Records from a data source
::::::::
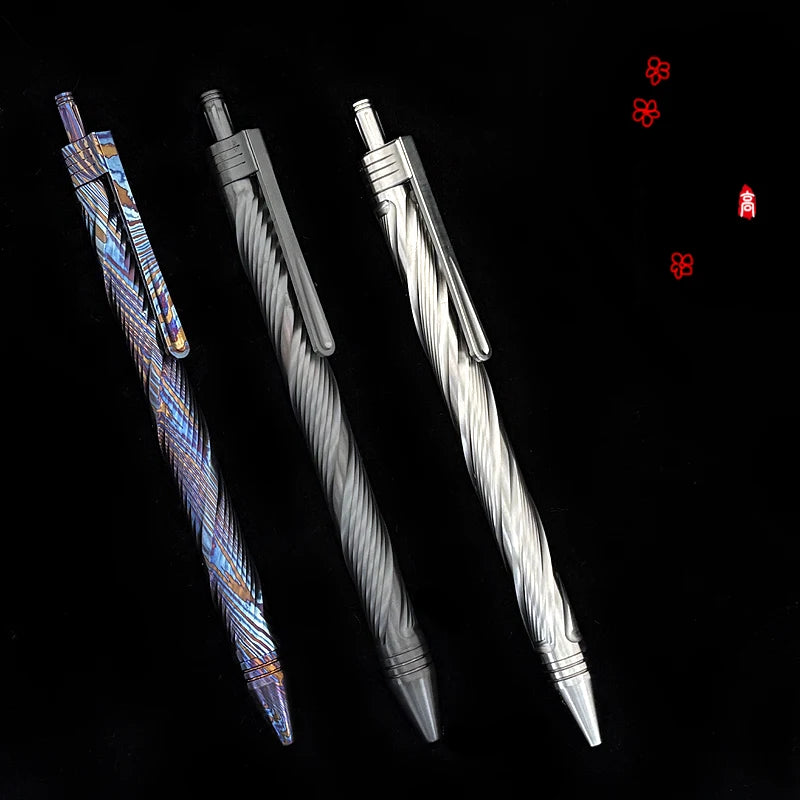 Zirconium Titanium Damascus Click Pen Tactical Pen EDC Portable Signing Premium Business Pen Stationery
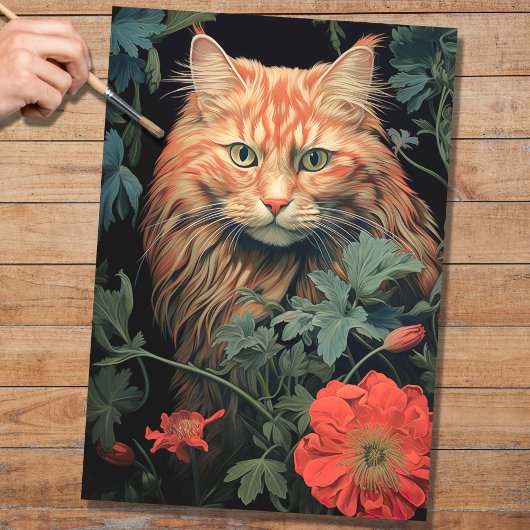 Cat in Tapestry 2 Decopage紙 薄葉紙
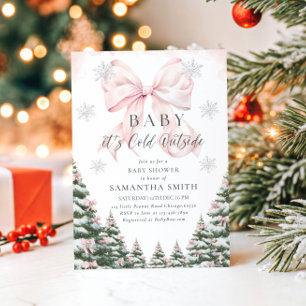 Pink Baby It's Cold Outside Bow Girl Baby Shower Invitation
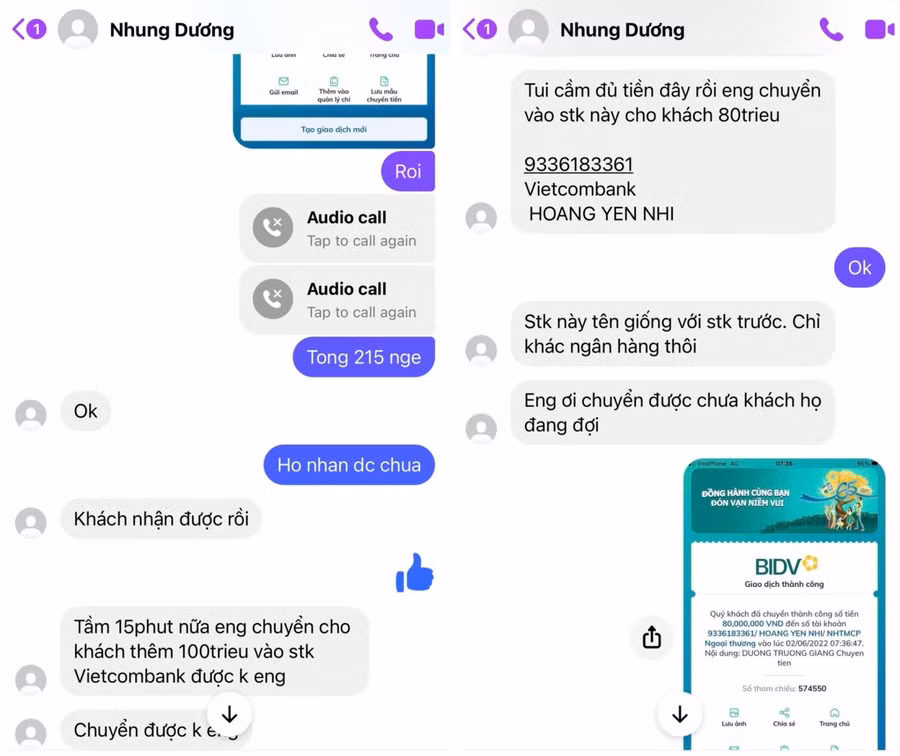 Đoạn hội thoại và yêu cầu chuyển tiền qua số tài khoản của đối tượng. Ảnh nhân vật cung cấp.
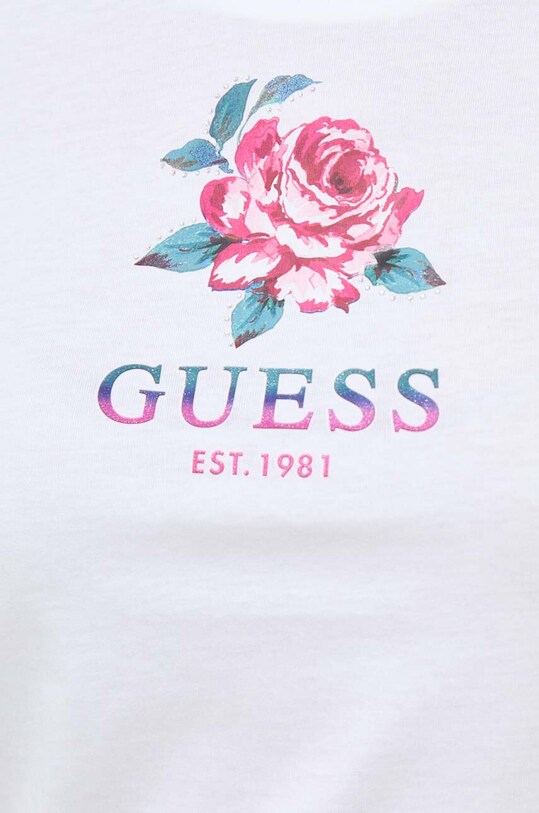 Guess t-shirt bawełniany ROSE W4RI37.JA914 biały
::::::::
(EXERCISE REQUIREMENTS) With images omitted, retype the data word for word.

(OUTPUT OF THE TASK)
 Zirconium Titanium Damascus Click Pen Tactical Pen EDC Portable Signing Premium Business Pen Stationery
 Cat in Tapestry 2 Decopage紙 薄葉紙
 Pink Baby It's Cold Outside Bow Girl Baby Shower Invitation
 Đoạn hội thoại và yêu cầu chuyển tiền qua số tài khoản của đối tượng. Ảnh nhân vật cung cấp.
 Guess t-shirt bawełniany ROSE W4RI37.JA914 biały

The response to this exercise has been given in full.